I made a word document with 2 columns, so I can fit 4 of these sheets on one piece of paper.  The first page of the document is 4 of the front, the 2nd page of the document is 4 of the back pages.  I print it double-sided, and then use a $20 paper cutter to cleanly cut the sheets apart.  The paper cutter and 2-sided printing makes it really easy to make a ton of these at once.

To give it some stability, I cut out a piece of cardboard to the same size as the paper.  Put a handful of paper sheets on top of the cardboard, and hold it together with a clip.  This makes it easy to pull the sheet out and hand it to someone if you're transferring patient care, etc.  On the opposite side of the cardboard, I have a cheat sheet with pedi dosages, normal pedi vital signs by age, door codes to hospitals, end-of-shift checklist to make sure I don't leave my phone charger in the truck or accidentally take the ambulance keys home with me.


----------



## Gurby (Feb 22, 2016)

Here is a picture of the reverse side.  The cardboard is key for making this work.  I used to use a little clipboard, but found they would always get cracked.  Just cutting out a piece of corrugated cardboard is nice because it's a bit flexible and won't break, but still gives you a surface to write on.  Also being able to clip a little cheat sheet to the back is handy.

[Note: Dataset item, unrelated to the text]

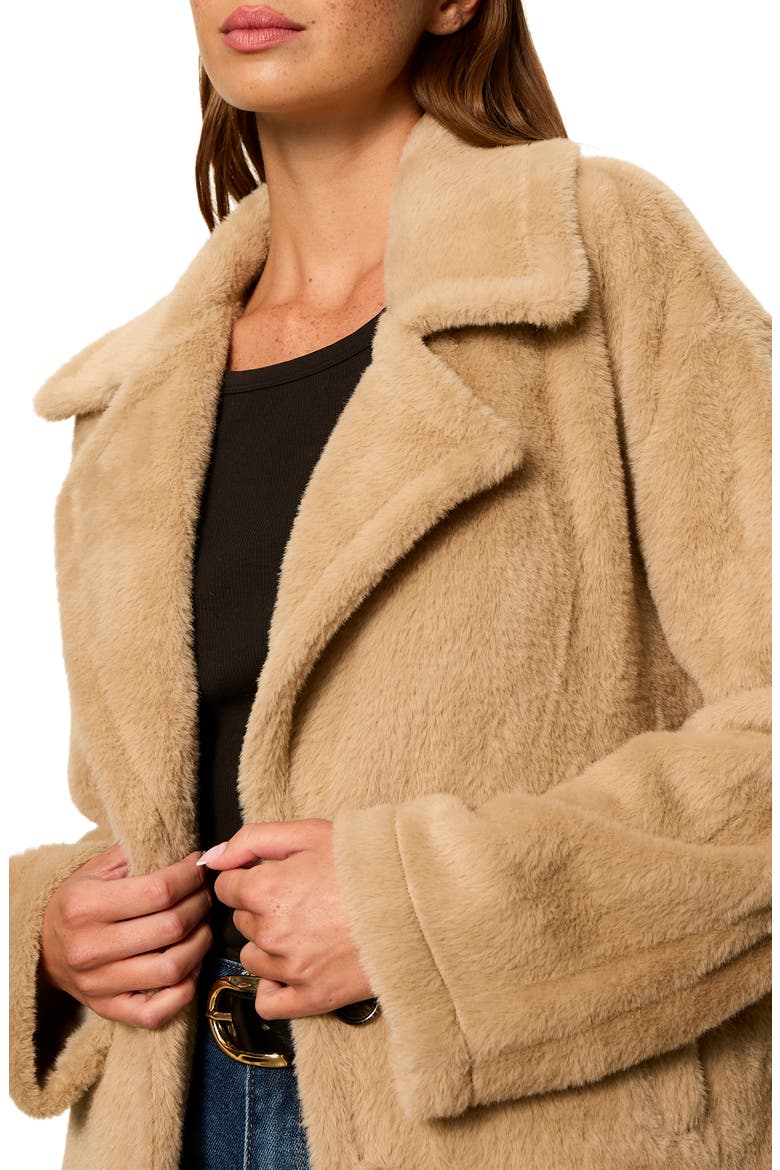 Colette Faux Fur Jacket, Alternate, color, WARM CAMEL BROWN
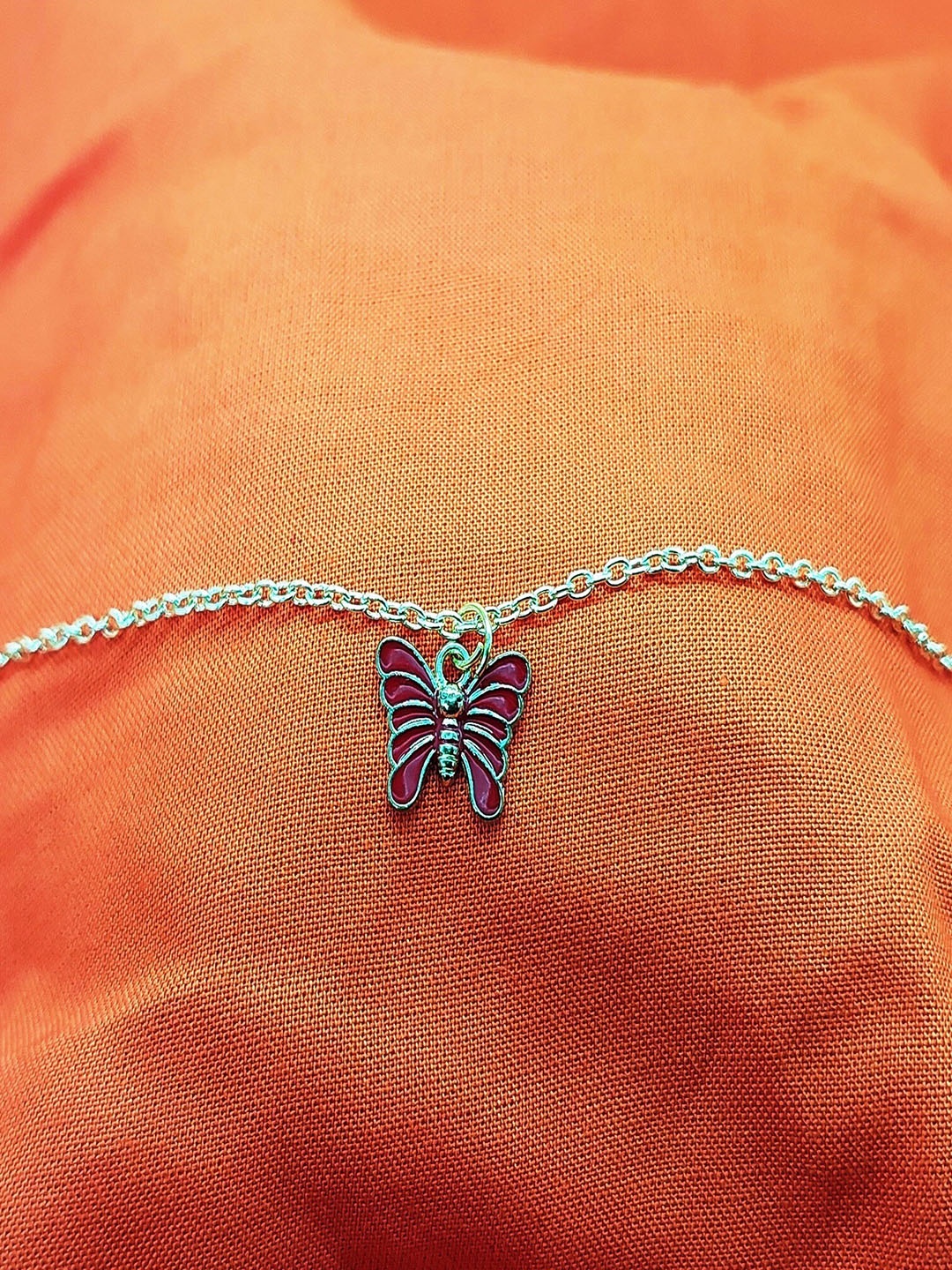 

DIAN Gold-Plated Enamelled Butterfly Pendant With Chain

I had tried Rite-in-the-rain but found them to be expensive and laid out poorly.  Too small, lots of wasted space, pointless information taking up lots of space (they have 2 lines for address on the front in a very useful location... I moved address to the back of my cards because I'd rather use that high value space on the front for things like another set of vital signs).  If you make your own cards like this, you can tailor them to your own needs.


----------



## DesertMedic66 (Feb 22, 2016)

I have found that normal flip books work great for me. My first page is filled with information I may need (work codes, hospital codes, phone numbers, combinations, etc). I am still able to use the rest of the flip book however I see fit (items used on a call, a small PCR, leave notes for other crews, give directions/address to family members, write down names for the coroners office). 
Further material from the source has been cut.